Développé par Irrational Games et publié en 2013 par 2K, BioShock Infinite représente toujours, bientôt neuf ans après sa sortie, le meilleur et le pire de la série BioShock. Et à l’aune de l’ambition quelque peu démesurée des développeurs pour ce troisième volet de cet univers, il n’est pas vraiment étonnant qu’aucune suite n’ait encore vu le jour.
À l’instar du premier jeu de la série, Infinite utilise les mêmes concepts fondamentaux: un homme, un étranger, débarque soudainement dans une étrange ville coupée de tout, dont l’existence était jusqu’alors largement inconnue. Après la plongée sous-marine, avec Rapture, voilà que l’on s’envole dans les airs pour rejoindre Columbia. Et plutôt que d’avoir une ville basée sur l’art déco, avec un jeu qui se déroule au tout début des années 1960, on remonte plutôt en 1912, avec une métropole évoquant la cité rutilante de l’Exposition universelle de 1893, à Chicago. Une ville magnifique, avec ses colonnes romaines et ses pierres de taille. Mais aussi une ville qui cache bien des côtés sombres.
Dans la peau de Booker DeWitt, un détective désoeuvré chargé de retrouver Elizabeth pour effacer ses lourdes dettes de jeu, le joueur explore donc cette ville qui a franchement des allures de cité théocratique. Il y est question d’un Prophète, d’un nouveau baptême… Même le moyen de transport utilisé pour s’y rendre, une fusée avant l’heure, est accompagné d’un « alléluia » lorsque l’enfin franchit la couche nuageuse pour rejoindre Columbia.
Mais qui dit jeu de la série BioShock dit forcément combat, et cela veut donc dire que notre protagoniste est rapidement accusé d’être le « faux berger » qui désire « détourner l’agneau » du droit chemin. L’agneau étant évidemment Elizabeth, la « semence du Prophète » destinée à « faire pleuvoir le feu sur les montagnes des hommes », rien de moins.
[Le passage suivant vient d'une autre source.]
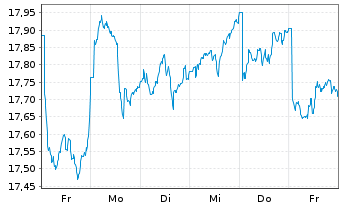 Chart iShares II-iShs BRIC 50 UC.ETF - 1 Week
Il n’y a pas de doute, le Prophète de Columbia, Zachary Comstock, s’est surtout inspiré de l’Ancien Testament, et s’est donné le rôle d’un dieu vengeur. Un dieu vengeur à la tête d’une ville qui a repris certains idéaux américains, mais pas tous. De fait, on remarque bien vite que seuls les Blancs semblent pouvoir vivre dans la « belle » partie de la métropole. Les autres, notamment les Noirs, devront s’entasser dans les usines crasseuses situées en contrebas, ou se contenter d’occuper des rôles s’approchant davantage de l’esclavage que du travail bien rémunéré.
Combats il y a, donc, avec le même style nerveux qui caractérisait le premier volet de la série. Le joueur ne peut tenir que deux armes à feu, en plus de combattre au corps à corps, ou plutôt d’utiliser une sorte de grappin pivotant pour asséner des coups à ses ennemis, en plus de pouvoir s’accrocher à des lignes de transport par rail.
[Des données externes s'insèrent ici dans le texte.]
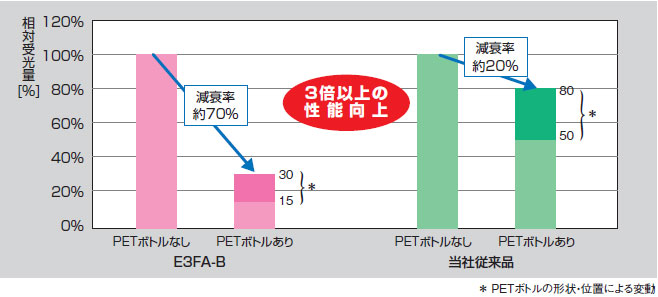 E3FA功能4 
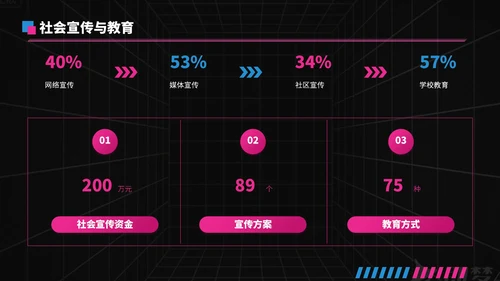 蓝粉撞色潮流风反职场PUA运动PPT模板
Parlons-en, d’ailleurs, de ces systèmes de rails. Puisque le jeu est orienté autour de la thématique du vol, et met en vedette non seulement des bâtiments flottant dans les airs, mais aussi quantité de barges, dirigeables et autres appareils volant, les développeurs proposent aussi un système de transport par rail. Après tout, il faut bien transporter des marchandises, dans cet univers, d’autant plus que Columbia, une ville résolument capitaliste – esclavagiste, même –, se doit de faire entrer de l’argent dans ses coffres.
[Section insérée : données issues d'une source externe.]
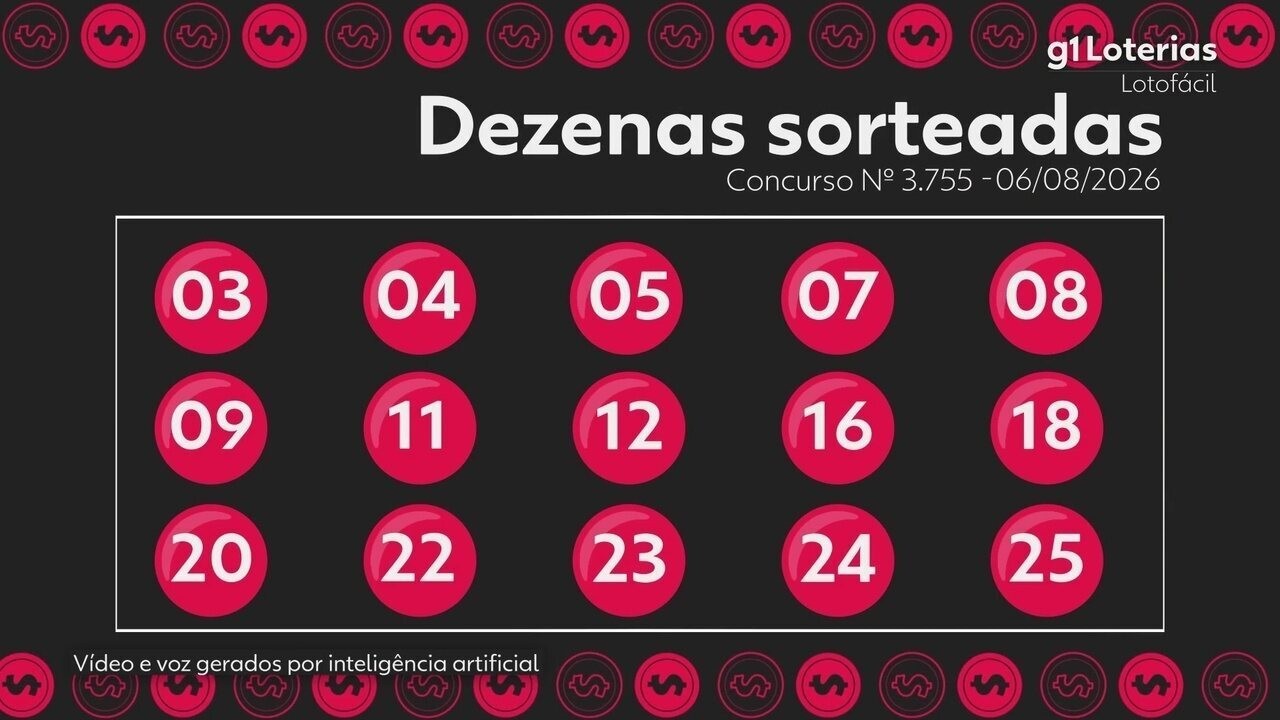 Imagem da notícia - G1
Donc, voilà, il est possible de se déplacer sur ces rails, en plus de pouvoir tirer et de se lancer vers le sol, histoire d’expédier dans l’autre monde les ennemis qui se trouvent au sol. Ces mêmes rails donnent aussi l’occasion d’aller se mettre à l’abri, voire de combattre, directement sur les voies, contre des adversaires qui décideraient de nous suivre.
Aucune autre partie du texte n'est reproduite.